Meiner bescheidenen Logik nach, läuft dies letztendlich darauf hinaus, dass aus Bremen immer 50% oder mehr(!) Frauen kommen, und immer 50% oder weniger Männer. denkbar sind laut obiger Regel folgende Kombinationen:
6 Frauen ,0 Männer
5 Frauen ,1 Männer
5 Frauen ,0 Männer
4 Frauen ,2 Männer
4 Frauen ,1 Männer
4 Frauen ,0 Männer
3 Frauen ,3 Männer
3 Frauen ,2 Männer
3 Frauen ,1 Männer
3 Frauen ,0 Männer
2 Frauen ,2 Männer
2 Frauen ,1 Männer
2 Frauen ,0 Männer
1 Frauen ,1 Männer
1 Frauen ,0 Männer
0 Frauen ,0 Männer

Es kommt also bestenfalls zu einer Parität von Frauen und Männern. Wenn man nun bedenkt, dass dies in allen Basisgruppen so gemacht wird, so ist es nahezu sicher, dass immer mehr als 50 % Frauen zum Ratschlag erscheinen.
Dies ist sicher, da aus vielen Basisgrupen gleichviel Männer und Frauen kommen, aus vielen, wo das geht aber auch mehr Frauen. Mehr Männer ist laut Regelung untersagt, so dass die Frauenüberhänge in manchen Gruppen nicht durch Männerüberhänge in anderen Gruppen ausgeglichen werden können. Mit nahezu 100% Sicherheit erzeugt man so im Nahmen der Gleichberechtigung eine Frauenübermacht.

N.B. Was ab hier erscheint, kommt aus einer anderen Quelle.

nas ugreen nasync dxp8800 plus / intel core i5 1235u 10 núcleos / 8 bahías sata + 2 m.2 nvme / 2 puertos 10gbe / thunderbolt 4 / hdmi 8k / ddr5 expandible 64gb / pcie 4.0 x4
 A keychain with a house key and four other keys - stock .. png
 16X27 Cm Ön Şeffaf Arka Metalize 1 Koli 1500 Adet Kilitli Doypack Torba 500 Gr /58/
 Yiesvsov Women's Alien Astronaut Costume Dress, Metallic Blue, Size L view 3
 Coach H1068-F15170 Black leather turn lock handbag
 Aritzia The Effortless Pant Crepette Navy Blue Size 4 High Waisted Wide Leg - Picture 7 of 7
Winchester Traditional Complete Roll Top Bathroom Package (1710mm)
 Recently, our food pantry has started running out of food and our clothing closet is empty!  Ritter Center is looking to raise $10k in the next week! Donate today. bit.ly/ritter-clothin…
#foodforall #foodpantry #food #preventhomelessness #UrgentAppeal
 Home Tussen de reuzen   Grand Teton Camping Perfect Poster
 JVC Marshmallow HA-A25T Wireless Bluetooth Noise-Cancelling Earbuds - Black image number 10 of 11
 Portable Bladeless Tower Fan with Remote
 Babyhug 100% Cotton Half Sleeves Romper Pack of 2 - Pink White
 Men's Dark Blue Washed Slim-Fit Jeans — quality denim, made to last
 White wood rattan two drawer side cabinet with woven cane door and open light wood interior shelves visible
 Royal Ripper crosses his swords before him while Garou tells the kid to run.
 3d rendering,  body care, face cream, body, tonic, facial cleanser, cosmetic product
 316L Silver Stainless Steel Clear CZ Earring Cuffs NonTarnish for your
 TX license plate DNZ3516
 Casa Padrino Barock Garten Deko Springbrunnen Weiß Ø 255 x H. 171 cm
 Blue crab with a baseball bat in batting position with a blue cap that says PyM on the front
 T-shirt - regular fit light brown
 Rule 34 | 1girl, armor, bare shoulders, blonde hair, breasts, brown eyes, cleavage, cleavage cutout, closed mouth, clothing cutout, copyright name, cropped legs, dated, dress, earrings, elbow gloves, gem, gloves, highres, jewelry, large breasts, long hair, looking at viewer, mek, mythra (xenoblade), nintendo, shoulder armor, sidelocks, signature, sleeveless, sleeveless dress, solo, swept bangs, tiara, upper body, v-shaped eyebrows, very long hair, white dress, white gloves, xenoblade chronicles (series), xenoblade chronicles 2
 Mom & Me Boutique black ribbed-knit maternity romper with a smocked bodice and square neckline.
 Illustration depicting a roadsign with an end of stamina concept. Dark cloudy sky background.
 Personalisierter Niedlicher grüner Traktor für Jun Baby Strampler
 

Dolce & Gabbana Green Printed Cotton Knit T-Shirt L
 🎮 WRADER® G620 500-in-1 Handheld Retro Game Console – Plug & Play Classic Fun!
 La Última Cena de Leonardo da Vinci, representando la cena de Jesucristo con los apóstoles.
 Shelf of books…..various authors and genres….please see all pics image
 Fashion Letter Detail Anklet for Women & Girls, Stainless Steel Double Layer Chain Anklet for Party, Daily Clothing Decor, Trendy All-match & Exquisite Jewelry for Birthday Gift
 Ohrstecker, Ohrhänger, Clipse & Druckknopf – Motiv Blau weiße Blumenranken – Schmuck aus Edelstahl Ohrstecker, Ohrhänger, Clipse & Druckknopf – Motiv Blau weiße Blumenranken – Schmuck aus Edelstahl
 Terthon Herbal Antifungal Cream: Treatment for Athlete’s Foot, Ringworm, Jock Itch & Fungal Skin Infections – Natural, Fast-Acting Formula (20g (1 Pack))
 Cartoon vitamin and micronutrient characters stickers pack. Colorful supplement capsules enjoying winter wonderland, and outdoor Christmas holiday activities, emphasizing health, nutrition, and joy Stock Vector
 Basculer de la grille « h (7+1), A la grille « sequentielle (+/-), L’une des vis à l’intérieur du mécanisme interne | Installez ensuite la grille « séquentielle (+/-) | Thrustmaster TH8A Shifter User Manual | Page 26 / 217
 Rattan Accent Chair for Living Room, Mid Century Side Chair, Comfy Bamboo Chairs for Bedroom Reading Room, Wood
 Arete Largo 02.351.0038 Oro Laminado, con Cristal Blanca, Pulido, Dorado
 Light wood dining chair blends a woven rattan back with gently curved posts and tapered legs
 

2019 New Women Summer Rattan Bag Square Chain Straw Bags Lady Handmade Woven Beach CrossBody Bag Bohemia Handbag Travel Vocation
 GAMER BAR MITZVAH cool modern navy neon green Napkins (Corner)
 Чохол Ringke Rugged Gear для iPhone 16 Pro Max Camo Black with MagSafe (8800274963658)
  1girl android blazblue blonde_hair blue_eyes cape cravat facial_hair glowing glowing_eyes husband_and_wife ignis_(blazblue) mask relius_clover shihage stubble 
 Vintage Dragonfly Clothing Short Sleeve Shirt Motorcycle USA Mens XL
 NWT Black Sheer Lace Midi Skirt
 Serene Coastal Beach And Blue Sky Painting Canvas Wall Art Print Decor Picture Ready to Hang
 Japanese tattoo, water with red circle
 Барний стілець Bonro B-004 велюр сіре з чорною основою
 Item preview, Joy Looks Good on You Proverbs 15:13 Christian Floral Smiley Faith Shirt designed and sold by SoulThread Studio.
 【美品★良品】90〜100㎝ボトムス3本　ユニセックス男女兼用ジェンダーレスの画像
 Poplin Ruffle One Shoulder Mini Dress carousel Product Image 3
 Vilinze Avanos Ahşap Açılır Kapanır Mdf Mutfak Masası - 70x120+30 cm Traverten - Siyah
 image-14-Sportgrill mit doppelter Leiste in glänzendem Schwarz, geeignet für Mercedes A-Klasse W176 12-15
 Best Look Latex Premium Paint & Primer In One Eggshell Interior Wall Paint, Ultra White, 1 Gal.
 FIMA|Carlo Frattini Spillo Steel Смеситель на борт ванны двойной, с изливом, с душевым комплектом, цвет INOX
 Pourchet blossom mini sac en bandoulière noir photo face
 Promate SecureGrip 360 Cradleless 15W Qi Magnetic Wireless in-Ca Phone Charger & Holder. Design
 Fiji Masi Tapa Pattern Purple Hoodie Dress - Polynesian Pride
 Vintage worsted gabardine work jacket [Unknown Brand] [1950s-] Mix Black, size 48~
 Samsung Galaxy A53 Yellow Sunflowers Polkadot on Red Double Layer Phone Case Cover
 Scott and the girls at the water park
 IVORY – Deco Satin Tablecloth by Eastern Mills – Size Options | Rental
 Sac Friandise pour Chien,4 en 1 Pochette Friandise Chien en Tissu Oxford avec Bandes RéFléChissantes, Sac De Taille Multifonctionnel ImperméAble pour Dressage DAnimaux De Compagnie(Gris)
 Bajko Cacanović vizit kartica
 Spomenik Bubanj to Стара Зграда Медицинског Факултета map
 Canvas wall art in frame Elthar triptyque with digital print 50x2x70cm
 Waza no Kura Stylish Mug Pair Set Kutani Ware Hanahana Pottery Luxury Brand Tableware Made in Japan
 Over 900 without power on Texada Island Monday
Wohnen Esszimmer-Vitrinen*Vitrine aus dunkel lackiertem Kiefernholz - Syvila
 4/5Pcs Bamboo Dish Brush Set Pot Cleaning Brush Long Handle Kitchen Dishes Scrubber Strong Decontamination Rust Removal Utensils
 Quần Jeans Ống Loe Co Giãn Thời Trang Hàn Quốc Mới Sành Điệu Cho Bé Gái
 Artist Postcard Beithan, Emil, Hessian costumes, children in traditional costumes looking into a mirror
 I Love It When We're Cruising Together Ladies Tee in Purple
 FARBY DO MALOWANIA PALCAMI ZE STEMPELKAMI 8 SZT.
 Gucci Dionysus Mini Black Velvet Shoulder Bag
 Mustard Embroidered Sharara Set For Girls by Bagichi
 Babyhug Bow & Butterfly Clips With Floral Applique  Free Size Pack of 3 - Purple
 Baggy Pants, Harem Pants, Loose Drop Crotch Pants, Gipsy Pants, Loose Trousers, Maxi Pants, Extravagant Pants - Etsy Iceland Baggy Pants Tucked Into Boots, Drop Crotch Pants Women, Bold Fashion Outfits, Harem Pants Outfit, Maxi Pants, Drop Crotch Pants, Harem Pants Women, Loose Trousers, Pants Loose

Wer glaubt, dass dies eine Anekdote ist lese sich die Selbstbeschämungs- und Selbstkastrationsorgien der Männer der ganzen linken Unigruppen mal durch.
Grauenhaft.

Schade auch, dass Linke nicht rechnen können. Wer Marx im Herzen trägt braucht wohl keine böse, böse, konservative Logik.

Grüße
Ridcully

Re: Die Linken und der Feminismus

Beobachter, Saturday, 06.08.2005, 05:16 (vor 7042 Tagen) @ Ridcully

Als Antwort auf: Die Linken und der Feminismus von Ridcully am 06. August 2005 00:55:

Wieso hast du da überhaupt mitgemacht ?

B.

Re: Die Linken und der Feminismus

Ridcully, Saturday, 06.08.2005, 23:09 (vor 7041 Tagen) @ Beobachter

Als Antwort auf: Re: Die Linken und der Feminismus von Beobachter am 06. August 2005 02:16:

Hallo Beobachter!
[/link]Wieso hast du da überhaupt mitgemacht ?

B."

Warum fagst Du? Weil, um es zu beantwortén ich mich für deren Positionen interessiert habe. Ich wollte mal wissen, was die Für Welterklärungsmuster anzubieten haben, wie die gesellschaftliche Entwicklungen und Globalisierung einschätzen oder etwa die Relevanz des Geldes. Habe viel gehört, dem ich zustimmen konnte - Analyse der US-Außenpolitik, Analyse der Entwicklung an den Unis - aber auch vieles, was mir zu einseitig, dogmatisch erschien - Rückführung aller Probleme auf Geldwirtschaft, Forderung der Abschaffung der Tauschwirtschaft -.
Habe also vieles gelernt, etwa dass man durchaus mal alternative Positionen beziehen kann, zu dem was der Mainstream so denkt, grenze mich aber auch von vielen Aussagen ab, die die machen.

Grüße
R.

Re: Die Linken und der Feminismus

Beobachter, Sunday, 07.08.2005, 01:43 (vor 7041 Tagen) @ Ridcully

Als Antwort auf: Re: Die Linken und der Feminismus von Ridcully am 06. August 2005 20:09:

Hallo Ridcully !

Warum ich frage ? Nun, ich bin nicht sogleich darauf gekommen, daß du von den sexistischen Einstellungen nicht sofort Kenntnis haben konntest.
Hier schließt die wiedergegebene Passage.